Jim,

I promised to write again so here it is. 

I contacted this list because I am totally incompetent as to music
software. I iterated many times what I wanted, though ideal as it may
seem. All I want is to write a score into a notation package as Finale
and then play the results as realistically as possible and record the
results. The whole thing is 3 songs for a demo CD. Although my
technological competence is quite good, I don't see how the software
works, never having the opportunity to work with any package. 

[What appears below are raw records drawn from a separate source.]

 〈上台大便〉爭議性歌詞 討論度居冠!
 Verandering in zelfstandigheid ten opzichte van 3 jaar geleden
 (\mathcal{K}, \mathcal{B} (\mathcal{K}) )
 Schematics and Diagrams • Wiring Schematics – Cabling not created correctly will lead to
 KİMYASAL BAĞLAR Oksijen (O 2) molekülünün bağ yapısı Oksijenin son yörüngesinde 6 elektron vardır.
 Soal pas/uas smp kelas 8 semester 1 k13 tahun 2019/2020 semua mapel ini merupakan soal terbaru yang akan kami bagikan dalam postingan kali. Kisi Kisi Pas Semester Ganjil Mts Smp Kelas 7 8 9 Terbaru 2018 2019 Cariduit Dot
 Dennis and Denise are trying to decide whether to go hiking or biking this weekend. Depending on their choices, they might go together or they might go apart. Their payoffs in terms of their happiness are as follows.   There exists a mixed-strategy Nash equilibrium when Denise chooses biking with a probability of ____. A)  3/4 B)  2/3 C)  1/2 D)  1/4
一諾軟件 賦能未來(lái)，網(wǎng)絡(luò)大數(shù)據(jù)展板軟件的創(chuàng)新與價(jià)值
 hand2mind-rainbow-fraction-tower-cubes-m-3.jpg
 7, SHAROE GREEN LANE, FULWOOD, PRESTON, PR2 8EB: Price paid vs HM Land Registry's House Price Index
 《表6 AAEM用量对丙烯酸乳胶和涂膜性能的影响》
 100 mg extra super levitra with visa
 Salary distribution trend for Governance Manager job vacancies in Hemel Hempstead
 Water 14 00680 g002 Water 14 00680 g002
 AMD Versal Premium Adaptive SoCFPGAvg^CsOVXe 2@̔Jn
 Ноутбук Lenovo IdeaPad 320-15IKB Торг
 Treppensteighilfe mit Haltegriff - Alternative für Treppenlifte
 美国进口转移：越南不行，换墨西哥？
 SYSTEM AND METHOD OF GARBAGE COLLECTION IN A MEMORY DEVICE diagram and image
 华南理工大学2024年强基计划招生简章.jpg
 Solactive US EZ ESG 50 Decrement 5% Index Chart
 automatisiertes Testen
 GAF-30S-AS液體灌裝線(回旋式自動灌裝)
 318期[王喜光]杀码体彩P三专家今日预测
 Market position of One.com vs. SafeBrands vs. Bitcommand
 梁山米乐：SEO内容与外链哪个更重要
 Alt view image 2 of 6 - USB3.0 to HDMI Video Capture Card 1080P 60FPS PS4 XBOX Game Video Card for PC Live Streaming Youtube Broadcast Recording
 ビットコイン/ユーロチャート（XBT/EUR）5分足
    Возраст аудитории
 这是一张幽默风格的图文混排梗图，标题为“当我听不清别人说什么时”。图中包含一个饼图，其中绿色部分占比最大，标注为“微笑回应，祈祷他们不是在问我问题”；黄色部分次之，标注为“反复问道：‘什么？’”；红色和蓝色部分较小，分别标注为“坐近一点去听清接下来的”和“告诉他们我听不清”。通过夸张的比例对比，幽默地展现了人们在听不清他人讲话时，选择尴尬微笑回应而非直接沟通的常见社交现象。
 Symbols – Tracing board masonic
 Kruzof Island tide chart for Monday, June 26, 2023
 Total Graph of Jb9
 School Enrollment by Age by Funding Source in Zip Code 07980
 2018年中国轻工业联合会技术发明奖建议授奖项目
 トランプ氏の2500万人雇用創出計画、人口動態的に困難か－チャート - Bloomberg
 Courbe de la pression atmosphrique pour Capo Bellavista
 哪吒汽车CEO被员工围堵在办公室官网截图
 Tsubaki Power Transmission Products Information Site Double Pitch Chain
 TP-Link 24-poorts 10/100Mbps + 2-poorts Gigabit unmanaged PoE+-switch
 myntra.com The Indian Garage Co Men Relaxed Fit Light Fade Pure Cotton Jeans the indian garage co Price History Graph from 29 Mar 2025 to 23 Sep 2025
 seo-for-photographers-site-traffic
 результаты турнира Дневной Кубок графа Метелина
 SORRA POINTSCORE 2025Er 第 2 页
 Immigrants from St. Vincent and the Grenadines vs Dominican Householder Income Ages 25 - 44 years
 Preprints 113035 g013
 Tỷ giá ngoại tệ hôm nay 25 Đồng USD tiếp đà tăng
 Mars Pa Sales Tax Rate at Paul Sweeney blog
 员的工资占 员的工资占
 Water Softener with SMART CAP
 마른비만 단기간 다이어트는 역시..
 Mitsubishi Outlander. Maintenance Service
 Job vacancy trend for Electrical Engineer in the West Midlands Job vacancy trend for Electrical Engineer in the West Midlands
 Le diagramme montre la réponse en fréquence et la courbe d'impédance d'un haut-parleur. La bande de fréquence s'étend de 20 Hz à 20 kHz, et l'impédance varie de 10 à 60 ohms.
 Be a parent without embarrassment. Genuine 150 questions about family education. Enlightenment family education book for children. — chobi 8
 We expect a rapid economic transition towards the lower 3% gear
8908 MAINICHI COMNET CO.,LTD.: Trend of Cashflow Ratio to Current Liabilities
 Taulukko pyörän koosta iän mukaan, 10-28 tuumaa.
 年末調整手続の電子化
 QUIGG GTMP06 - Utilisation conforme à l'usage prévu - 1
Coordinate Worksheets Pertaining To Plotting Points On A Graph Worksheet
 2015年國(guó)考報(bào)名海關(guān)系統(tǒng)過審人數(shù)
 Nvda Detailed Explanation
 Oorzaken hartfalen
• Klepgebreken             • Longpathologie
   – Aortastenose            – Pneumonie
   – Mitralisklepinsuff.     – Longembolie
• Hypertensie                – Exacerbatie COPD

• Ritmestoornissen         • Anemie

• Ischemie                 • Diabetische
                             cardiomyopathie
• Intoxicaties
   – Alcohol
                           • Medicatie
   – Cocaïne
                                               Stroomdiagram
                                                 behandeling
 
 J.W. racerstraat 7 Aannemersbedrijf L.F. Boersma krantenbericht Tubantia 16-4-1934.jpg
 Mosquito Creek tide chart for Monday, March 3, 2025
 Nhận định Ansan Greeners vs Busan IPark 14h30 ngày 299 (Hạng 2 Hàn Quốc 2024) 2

As I understand, I need a sequencer, a sampler and of course some CD
authoring program. I've done video production, that is, recorded my own
rehearsals and concerts with a decent amateur grade camcorder (720/480
lines) and 48 Khz stereo sound, my own engineering, micing, etc and some
sound editing in Vegas Studio Platinum 6. So digital editing is not a
stranger to me at all. However, composition with music software is. 

Now, because of the huge output of the list's members due to my innocent
question, some things cleared in my cluttered and unadvised mind. What
remains to be found out is how "realistic" Finale's output is indeed. In
general, many packages' rendition of orchestral sounds are quite decent.
However vocals are a different thing. Some packages are good, others not
at all so good. It also depends on the sample to be sure. 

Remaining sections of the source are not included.